This morning I had a job interview (surprise!) and the woman who interviewed me asked me for my birth date and when she found out I was only twenty she said; “Wait, what! Are you only twenty? I can see that you’re young but you seem like you’re almost thirty!”
I answered; “I get that a lot, but in my mind I was born a thirty year old and every year when I grow older I feel like I become more and more like myself”.
That what it’s been like my whole life. I know it might seem like I’m trying to brag about how mature I am, but really this has been an issue throughout my whole life, and it’s only now it has started to benefit me in life.

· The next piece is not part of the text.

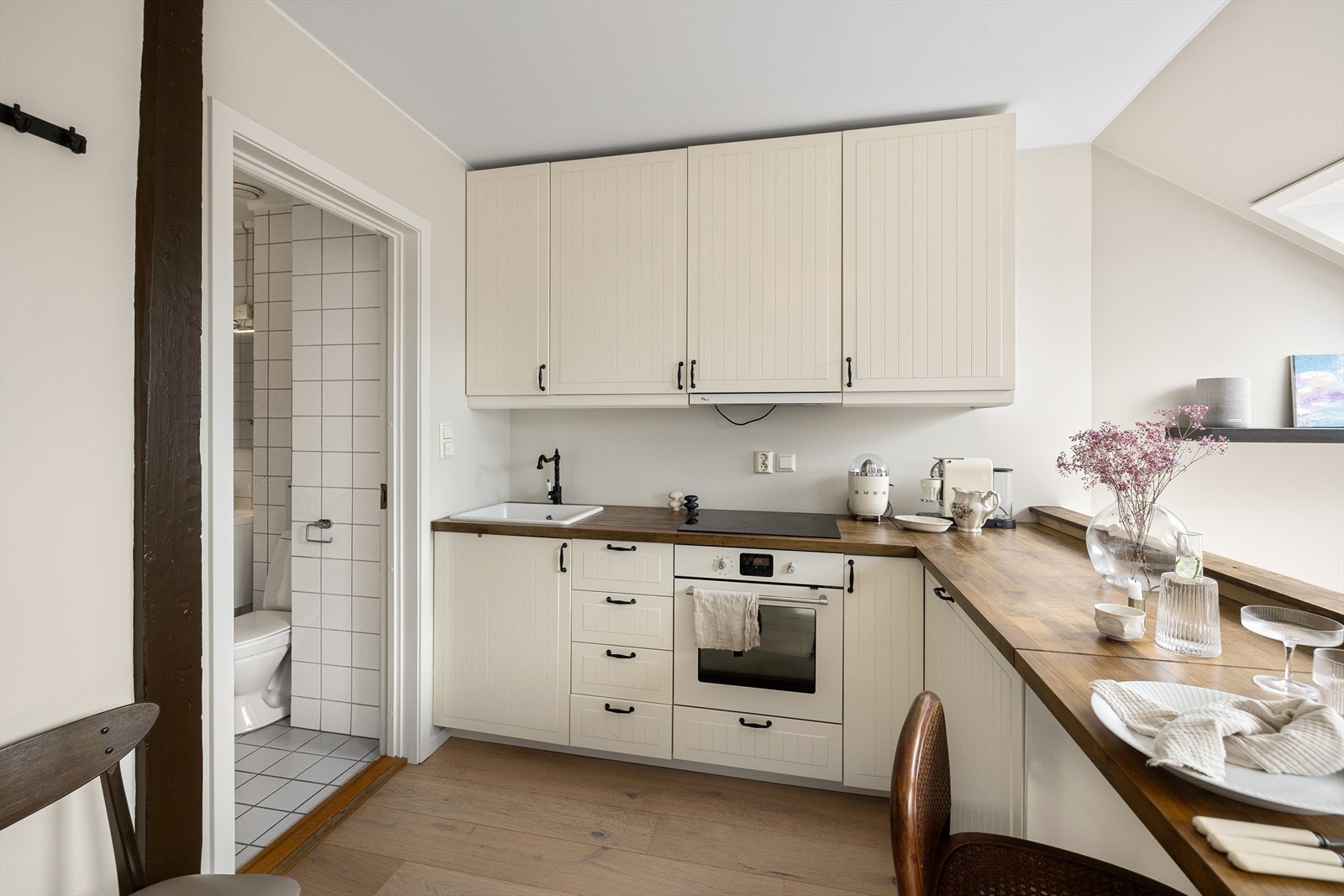 Lys innredning med profilerte fronter med skaper opp til himling og heltre benkeplate. Integrerte hvitevarer med platetopp, stekeovn og kjøleskap. Galleribilde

As a kid I was very awkward, and found it very difficult when my friends wanted to play. Playing seemed silly to me, and I didn’t know how I was supposed to act.
When I was in middle school I spent more recess time indoors with the teachers than outside with the other children. I didn’t know how to communicate with other children and felt more comfortable around other adults.
In high school I was left out for a long time because I couldn’t relate to other teens. I was uncomfortable with the jargon and didn’t know how to be fun and relaxed.
My whole life has been a struggle to “act young” and trying to imitate the people in my age to try to fit in. That’s why growing older is the best thing I know. Today I have a lovely boyfriend and amazing friends, who all love me for the little adult in me. Who think I’m funny when I tell them I’ve been drinking coffee since the age of thirteen and has appreciated a good red wine since the age of eighteen. Who accepts that I fall asleep at 9 pm during weekends and watch documentaries for fun.
Time. Time really does fix everything.